Exercise data START
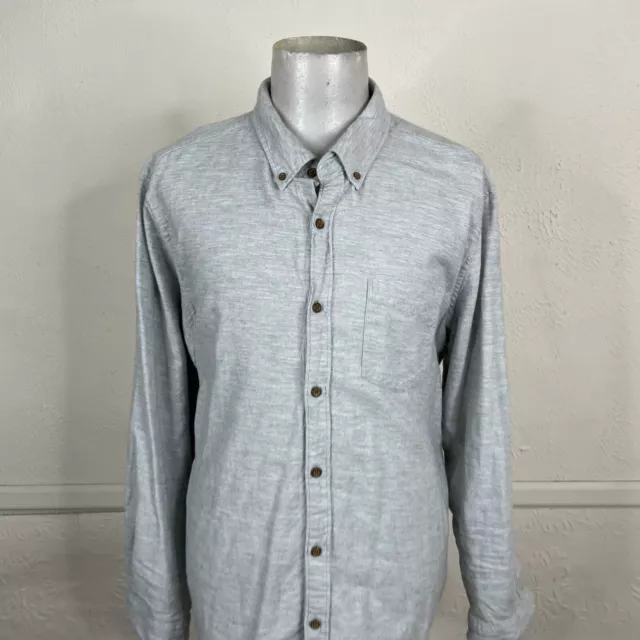 AMERICAN EAGLE SERIOUSLY Soft Flannel Shirt Mens XXL Light Gray $14.00 ...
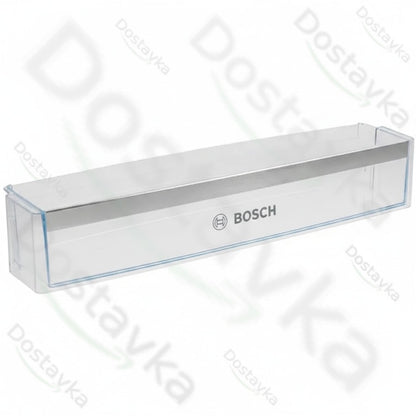 Полка двери для бутылок в холодильник Bosch 00654424 570x125мм (с логотипом)
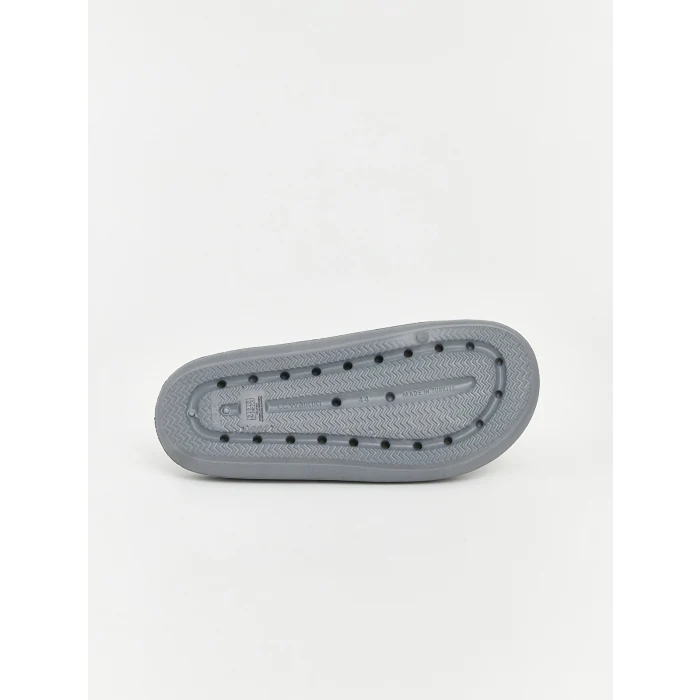 LCW STEPS Gri Slogan Baskılı Erkek Terlik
Exercise data END
▸ **Problem to work on**: With the pictures removed, output the listing above exactly.

▸ **Response to the task**:
 AMERICAN EAGLE SERIOUSLY Soft Flannel Shirt Mens XXL Light Gray $14.00 ...
 Полка двери для бутылок в холодильник Bosch 00654424 570x125мм (с логотипом)
 LCW STEPS Gri Slogan Baskılı Erkek Terlik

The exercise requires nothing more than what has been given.